The report from the chamber of agriculture for Côtes-d'Armor was released in June this year, the same month in which farmers in the area launched a “distress call” to the government.
Increasing numbers of the birds (which are a member of the crow family) mean over 1,000 official reports of damage caused by the birds have been logged in Brittany this year. As jackdaws are not normally seen in farmland areas in Brittany, the report suggests they have come from the British Isles where they often live in cliffside areas.
Farmers lose thousands in 'ravaged' crops
Local farmer Patrick Vidélo owns 30 hectares of farmland in which crops have been destroyed by the jackdaws feeding on them.
He told news source France 2: “I even see [the jackdaws] at night time. We’re having a hard time putting crops in place and now there’s nothing left. Everything’s been ravaged.”
Crops eaten by the birds this year were worth €40,000 to the farmer. Local government officials have since visited Mr Vidélo’s fields to see the destruction caused by the jackdaws in person.
A protected species
The jackdaw often lives in cliffside areas, not just the countryside or towns. However, they can also live quite happily in chimneys.

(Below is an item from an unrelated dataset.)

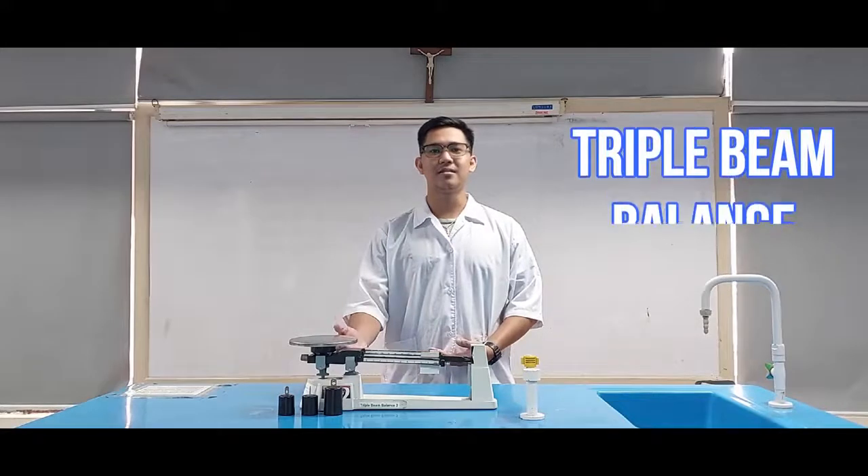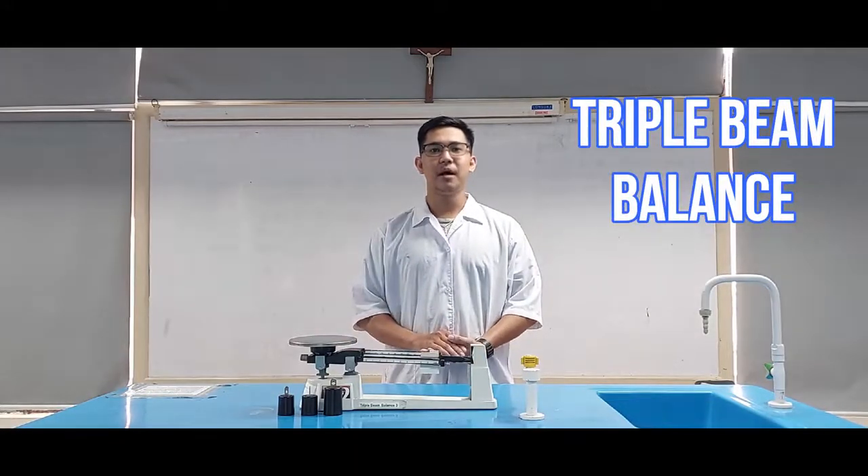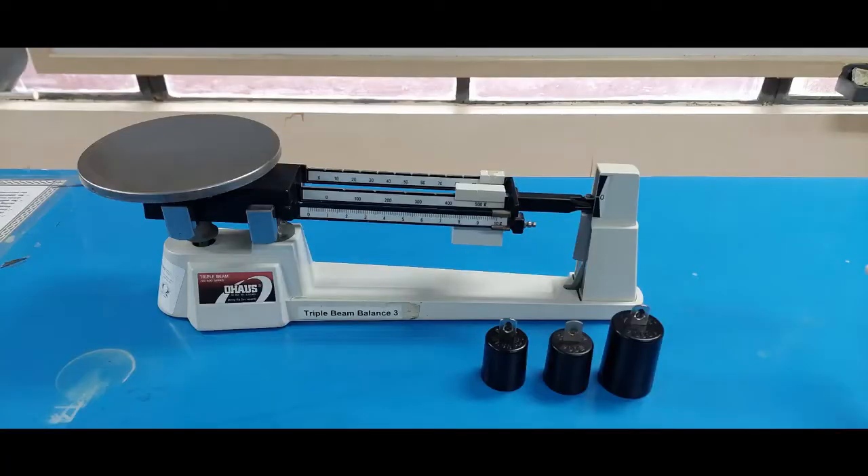The Triple Bin Balance. Triple Bin Balances are so named because they include three decades of weights that typically measure mass in terms of hundreds of grams, tens of grams, and single grams. Start with the heaviest decade and work your way down until the object you hope to weigh is balanced. Then add up the numbers indicated in the decades to get your mass.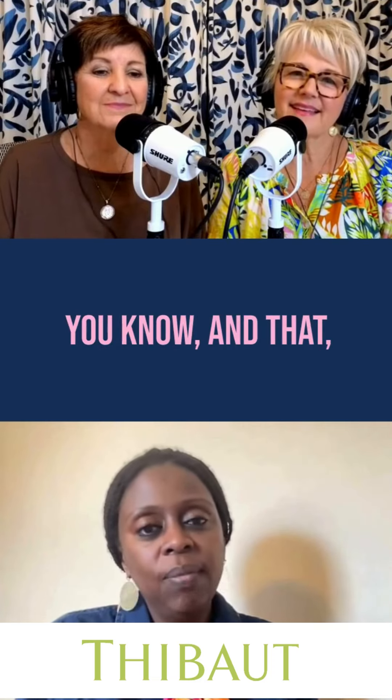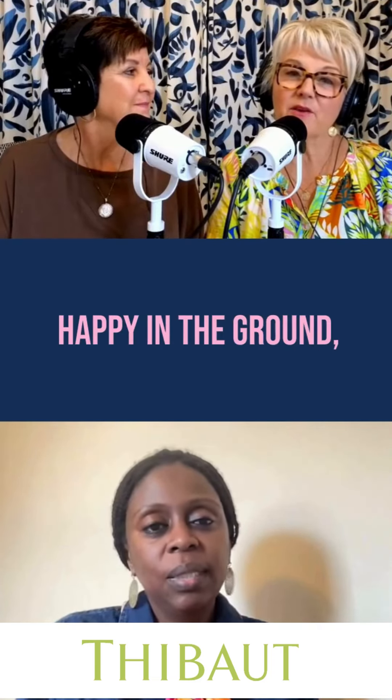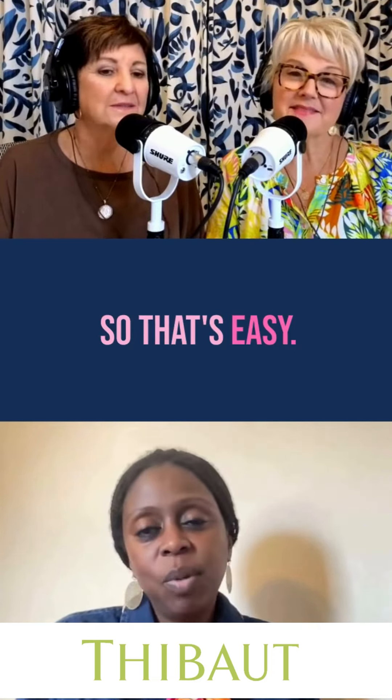that you eat from. They're happy in pots and they're happy in the ground. So that's easy.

As they are a protected species in France, farmers need a special exemption to kill them. Even so, it is estimated that an authorised 20,000 jackdaws will be killed in France in the next two years.
Environmental agencies have instead suggested controlling the jackdaw population by demolishing abandoned chimneys, and diversifying food sources in the region so that the birds are not reliant on crops.
Regional environment body la Direction Régional de l’Environnement has launched a study into the construction of buildings in Brittany, to help them understand how the jackdaw population is spread throughout the region and what kind of food the birds are eating.